Reaffirming its commitment to writing and undergraduate education, the College of Arts and Sciences has commissioned a faculty task force to re-evaluate the College Writing Program and will be conducting a national search next year for a new program director.
The task force, which was assembled to re-evaluate the Writing Program, passed several recommendations: increased faculty involvement, a single framework for the program with classes ranging in size from 12 to 14 students and a mandatory instructional course for writing professors.
Faculty task force chairman David Williams, a Psychology professor, said the goal was to evaluate writing at the University and determine the most efficient way to carry out the program.
"The writing program should foster a `culture of writing' throughout the College, and in order to do that faculty involvement is essential," Williams said. "Writing should be taught in a disciplined-based manner."
College of Arts and Sciences Dean Richard Beeman has endorsed the recommendations.

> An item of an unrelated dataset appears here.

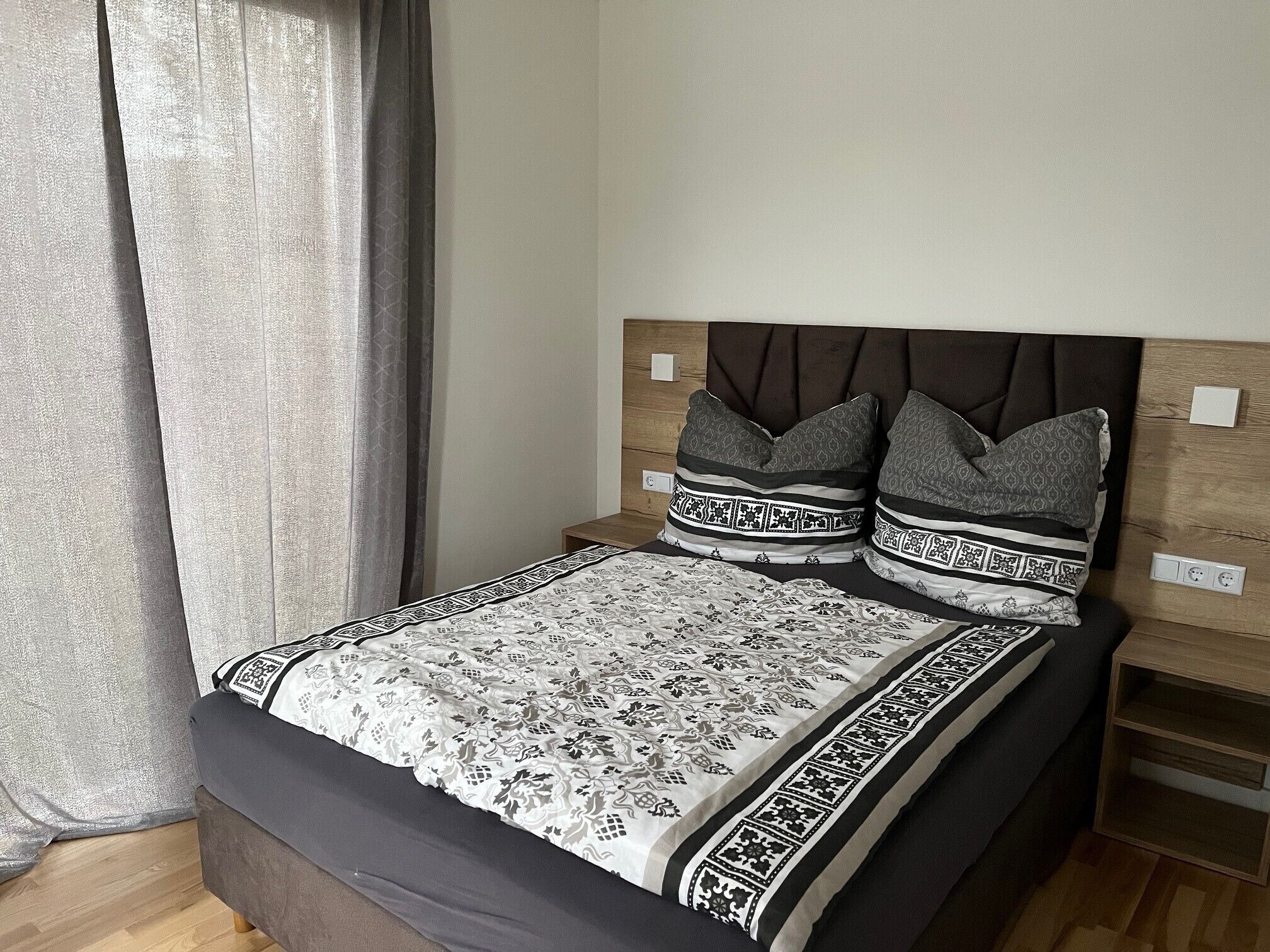 3 bedrooms, desk, free WiFi, bed sheets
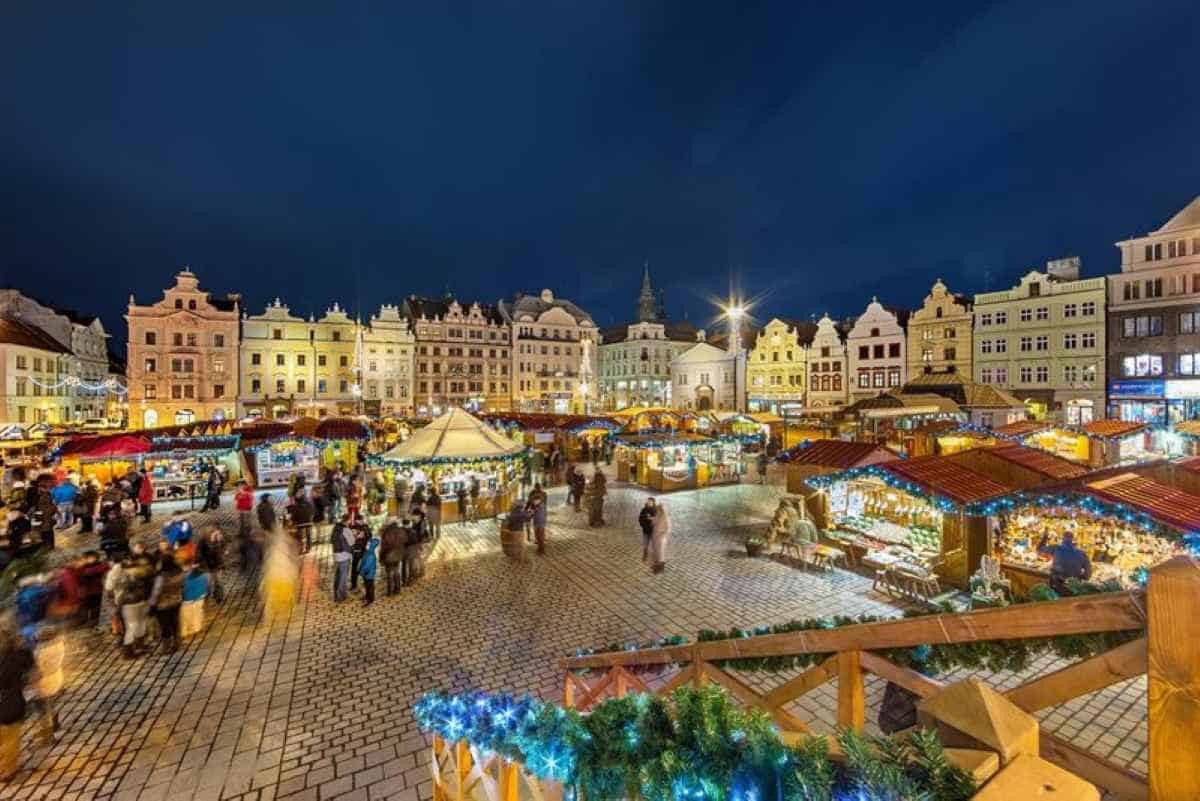 Czech - travel and tour world Czechia draws travellers beyond prague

"The most important goal of our efforts is to improve our writing requirement," Beeman said. "I have not found it to be the case that every student walks away from their course with a positive experience. It is difficult balancing teaching about writing and teaching literature in one class. It is demanding in the best of circumstances."

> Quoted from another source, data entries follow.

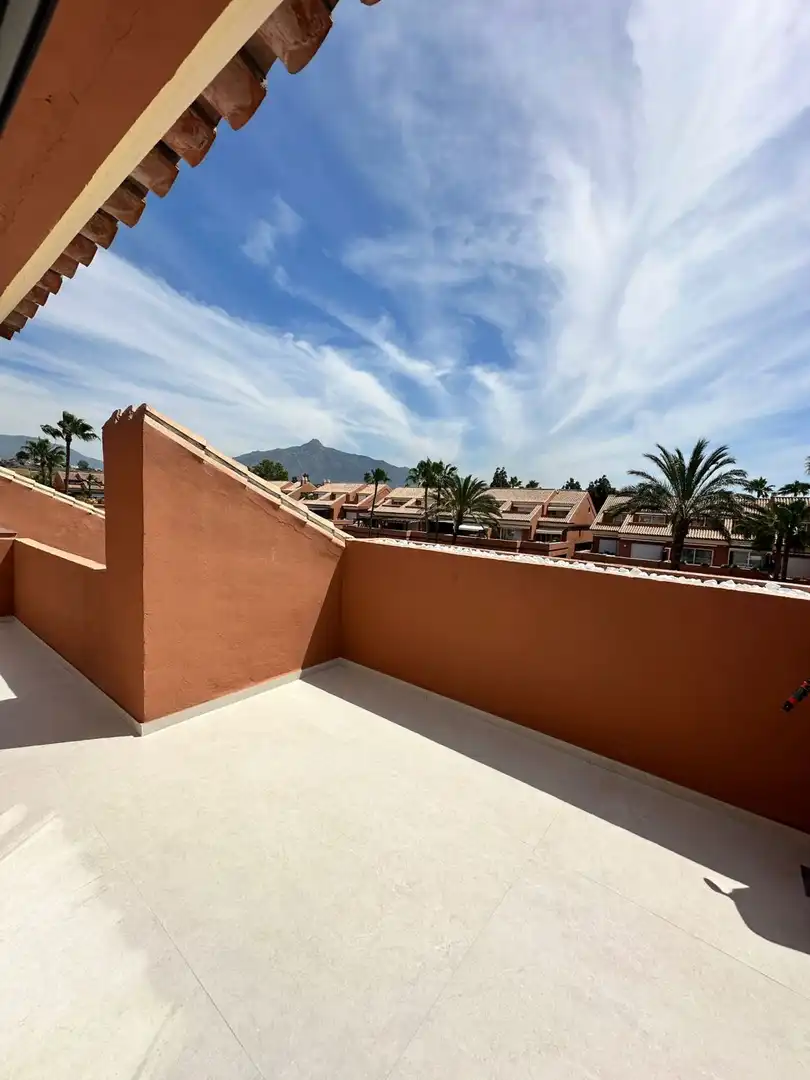 Terrassa de Àtic de lloguer en Marbella amb Aire condicionat, Calefacció i Terrassa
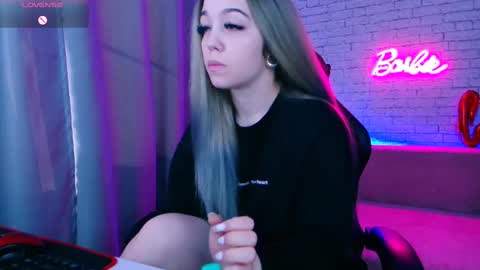 Snapshot of _crazybee_ chatting on February 19, 2025, 5:05 am Nica online show from February 19, 2025, 5:05 am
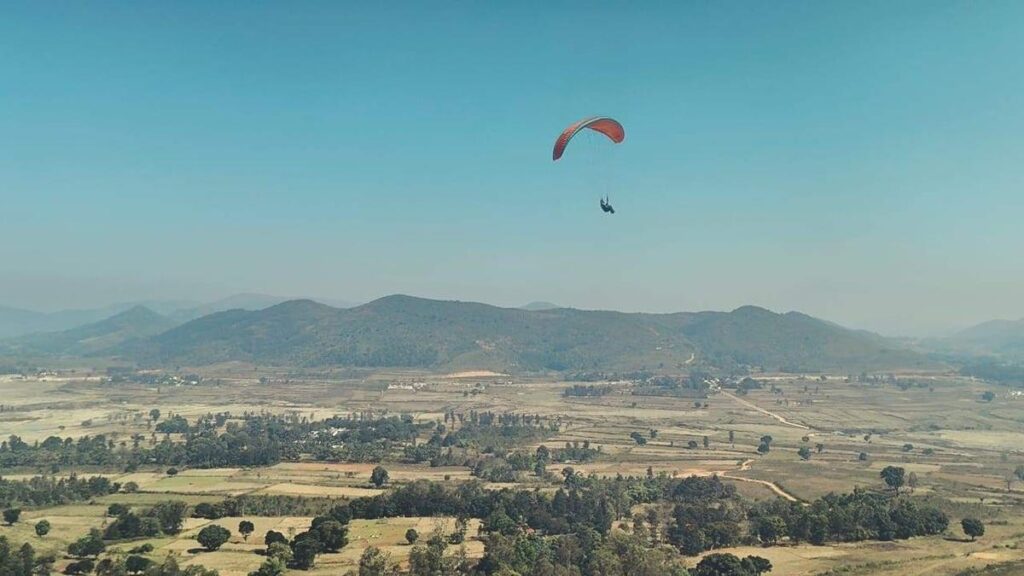 Tourist dies in paragliding crash near Himachal's Dharamshala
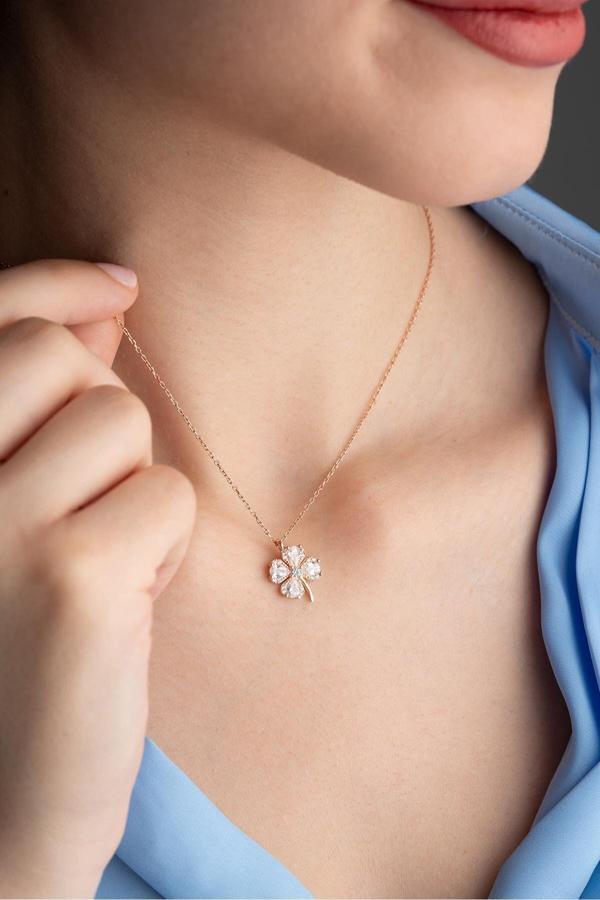 Karem Jewellery Beyaz Dört Yapraklı Şans Yoncası Rose Altın Kaplama Kadın Kolye - Image 1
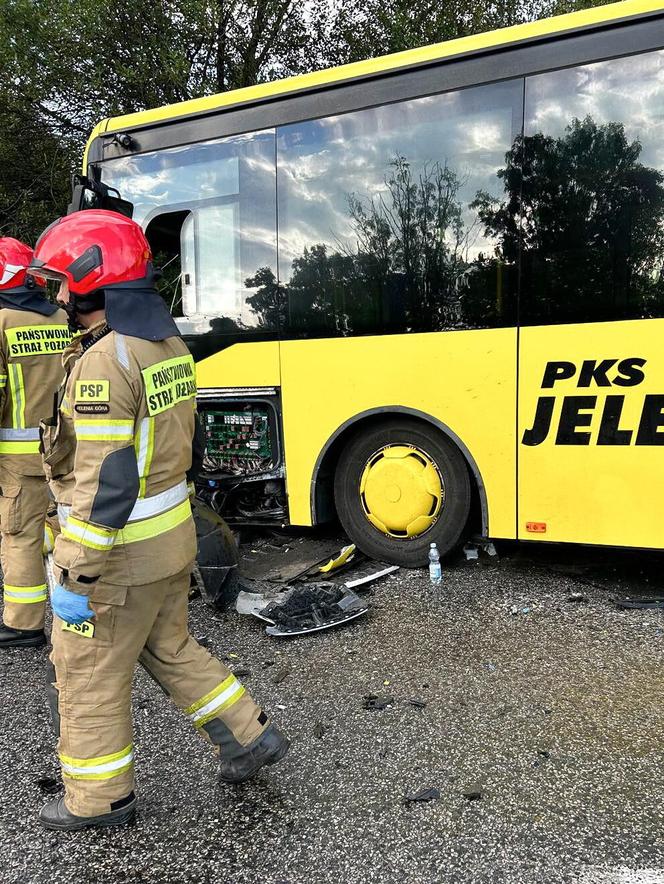 Niebezpieczny wypadek w Karpaczu! Ponad 20 osób rannych w wyniku zderzenia osobówki z autobusem 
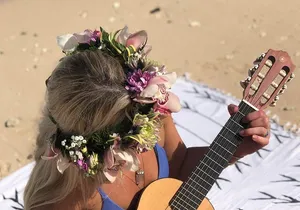 Livin' Aloha Leis & Photography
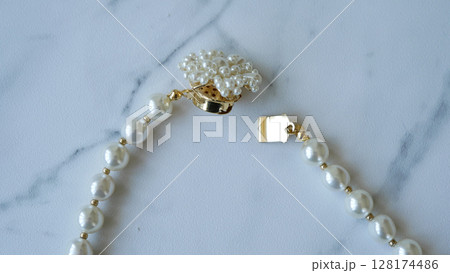 真珠の素敵なアクセサリー 128174486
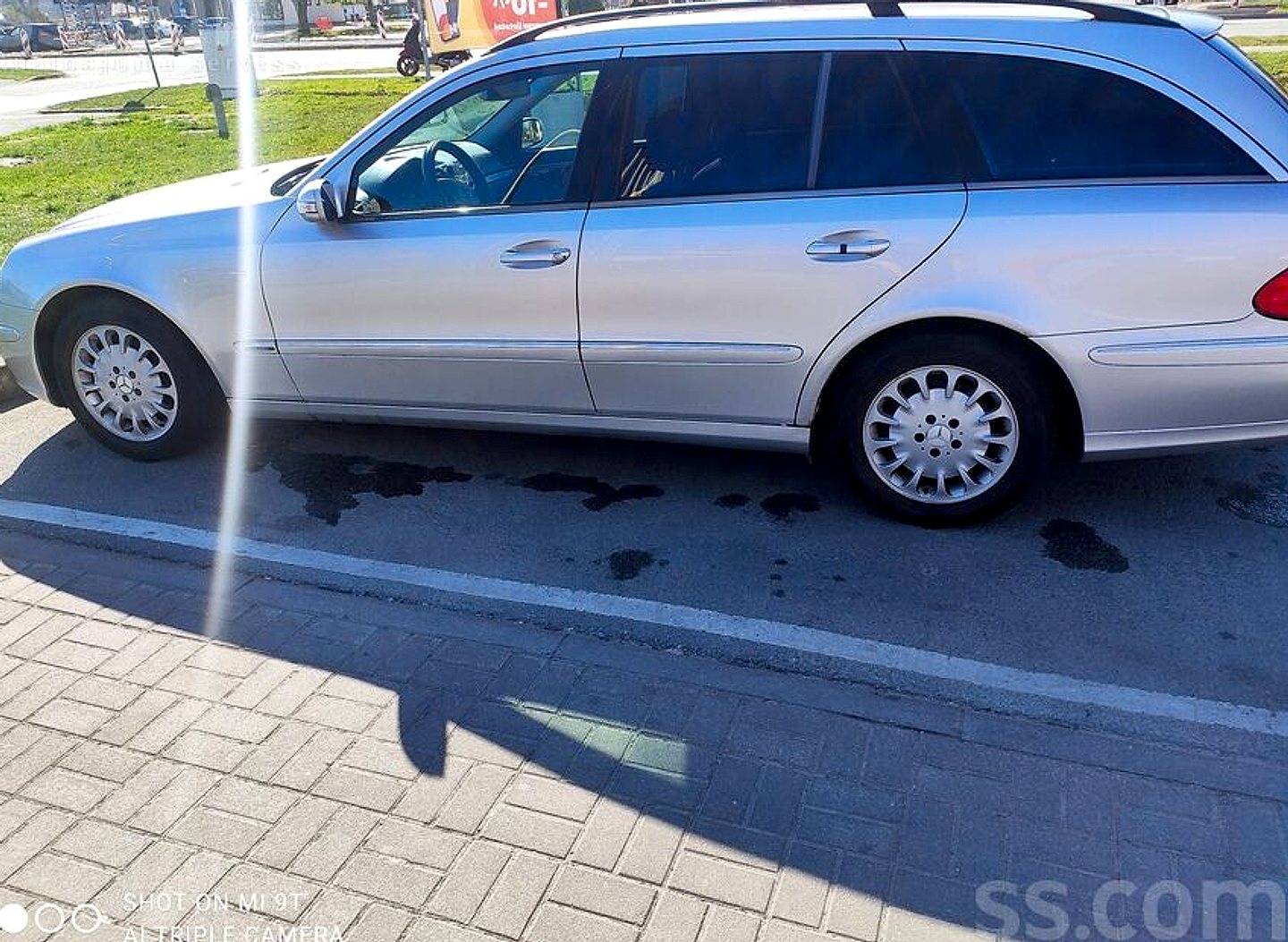 Mercedes-Benz E270 — foto 2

In addition to increasing faculty involvement and training, a national search will be conducted next year for a new director to replace Michael Gamer. Gamer, an English professor, has agreed to hold the position for this academic year and is chairing the search committee to find his replacement.
In the past, the program director has a part-time position filled by a Penn faculty member. Beeman said that the program now demands a full-time leader.
"We are hopeful that we can attract a terrific person to this position," Beeman said. "The field of writing has changed a great deal in the past decade, and there is lots of talent in that field, which was not the case a decade ago."
Under the current program, one third of the courses are part of Writing Across the University, and the other courses are run by the English Department. Over the next year, the College of Arts and Sciences will take over the program.
"The first thing we have to do is integrate these two components into on uniform system," Beeman said. "The quality of instruction should be equal to that of any other regular course."
Williams, who is also the chairman of the College Committee on Undergraduate Education, said that the lack of faculty involvement and experience combined with the problematic structure of the program negatively affects the emphasis that should be placed on writing at Penn.
"It is uneven in its execution, and it does not have a clearly articulated philosophy," Williams noted. "The College does not make a clear statement from the faculty perspective of how it values writing and writing instruction."
And Beeman noted that instructor quality, as well as course quality, impacts the students.
"We are working on improving the quality of teaching.... I want [instructors] to have something in their background that makes them qualified enough to teach these classes," Beeman said. "I do not want to see any longer instructors only teaching these courses for the first time."
Writing Across the University Director Deborah Burnham also noted some problems with the program that need to be repaired.
"We need more instructors, more consistent training and a wider variety of courses outside of literature," Burnham said.